Copy the lines below exactly, starting at the one with "AutoMeter 90010 Direct" and ending at the one with "TrainingGirl Women Waist", and leave out any picture.

Captioned web image data:
━━━━━━━━

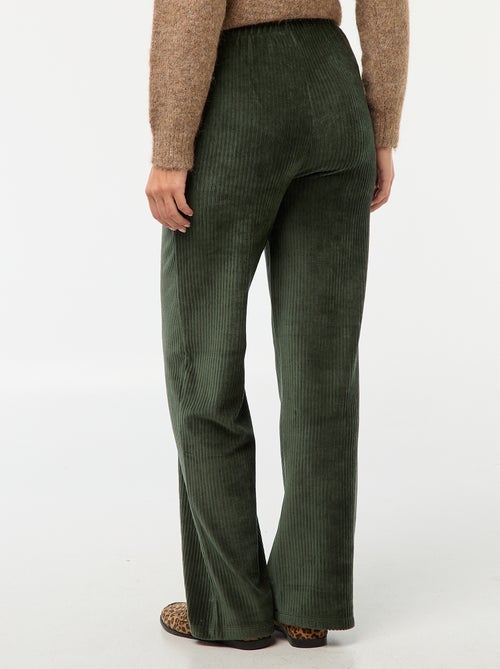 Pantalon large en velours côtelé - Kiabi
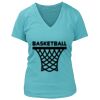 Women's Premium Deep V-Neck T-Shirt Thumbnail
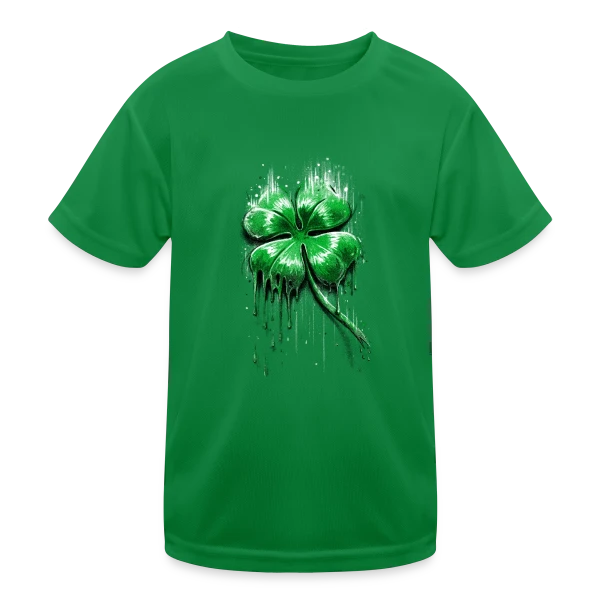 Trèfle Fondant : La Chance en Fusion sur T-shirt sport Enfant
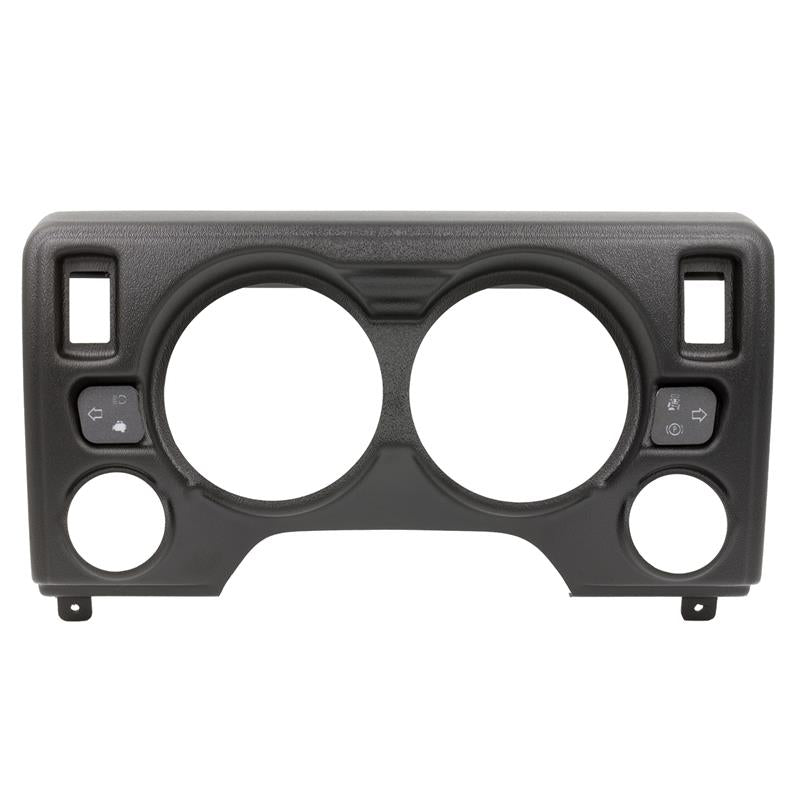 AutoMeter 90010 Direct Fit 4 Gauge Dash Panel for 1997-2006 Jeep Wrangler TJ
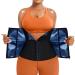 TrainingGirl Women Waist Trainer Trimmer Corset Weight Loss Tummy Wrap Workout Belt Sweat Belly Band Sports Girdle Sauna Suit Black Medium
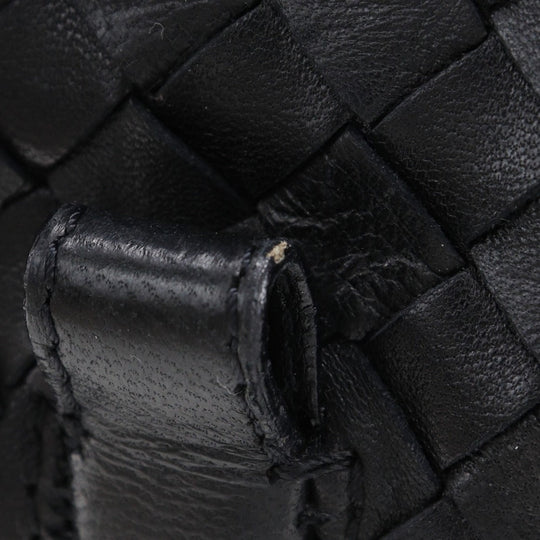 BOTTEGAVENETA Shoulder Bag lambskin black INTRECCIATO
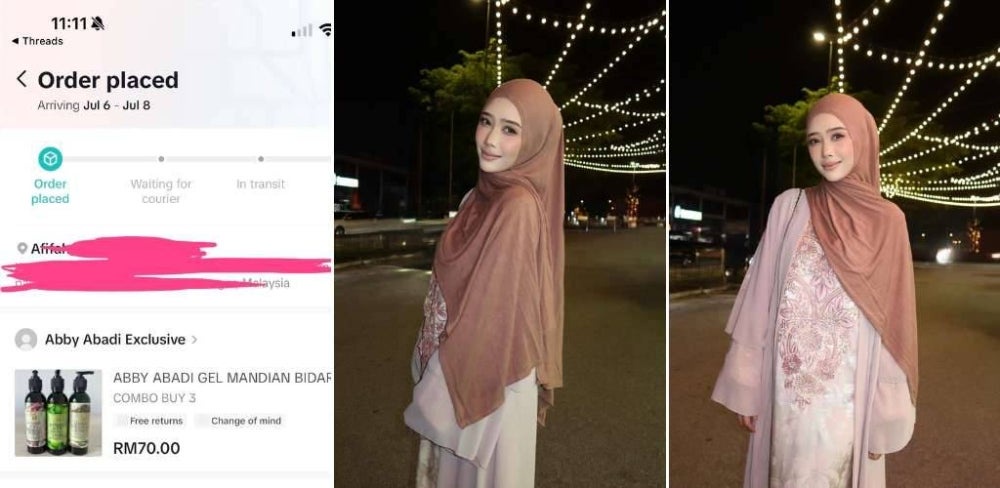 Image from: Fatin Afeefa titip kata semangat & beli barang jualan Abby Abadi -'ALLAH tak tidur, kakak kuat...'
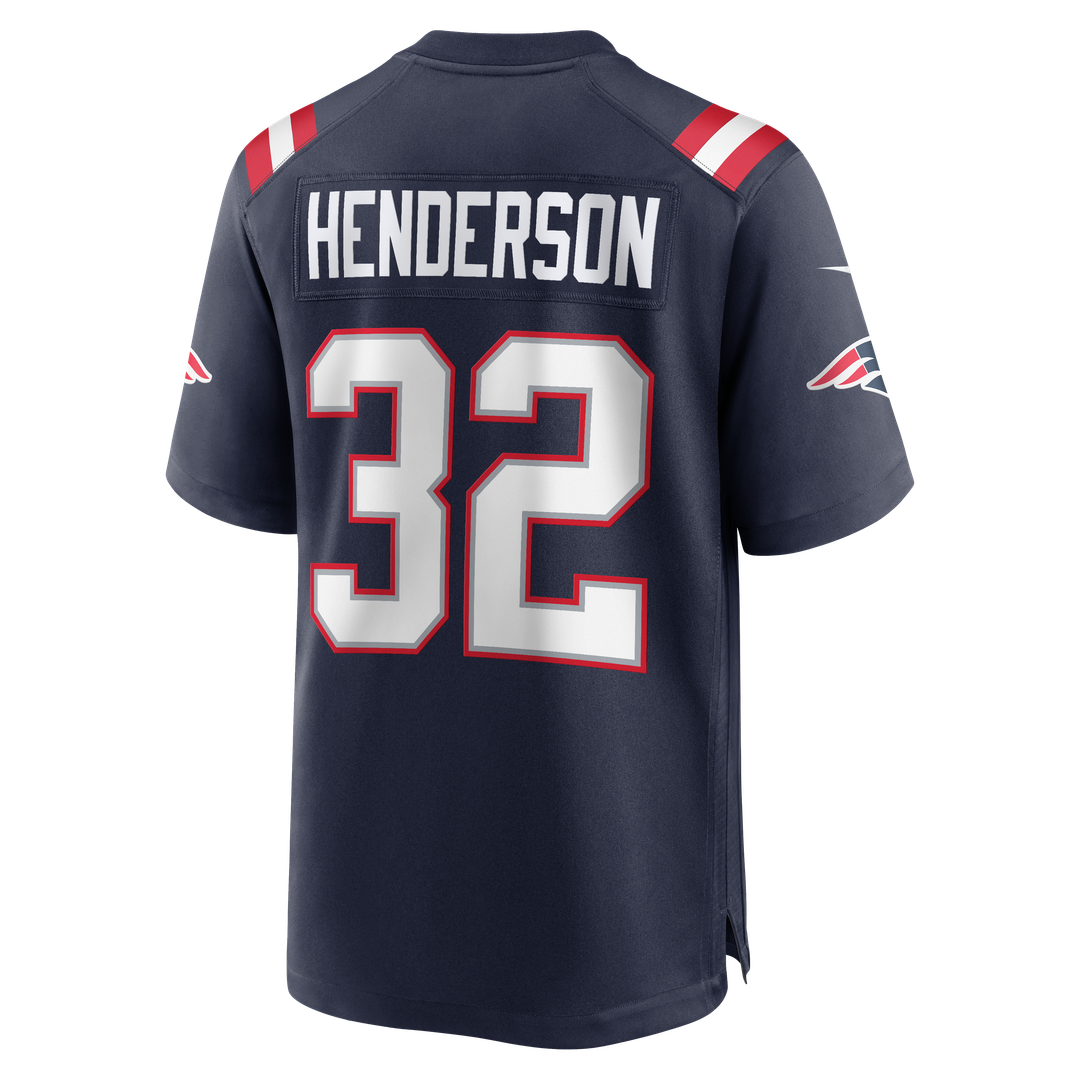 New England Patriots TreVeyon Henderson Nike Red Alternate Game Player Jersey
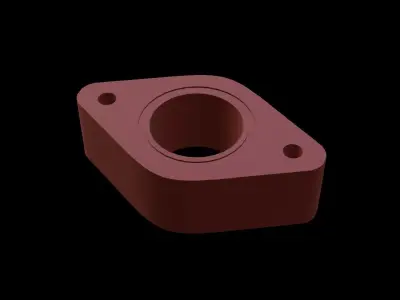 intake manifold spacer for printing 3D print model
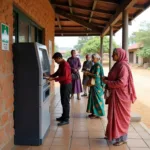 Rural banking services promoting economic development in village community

━━━━━━━━

* _Output_
 AutoMeter 90010 Direct Fit 4 Gauge Dash Panel for 1997-2006 Jeep Wrangler TJ
 TrainingGirl Women Waist Trainer Trimmer Corset Weight Loss Tummy Wrap Workout Belt Sweat Belly Band Sports Girdle Sauna Suit Black Medium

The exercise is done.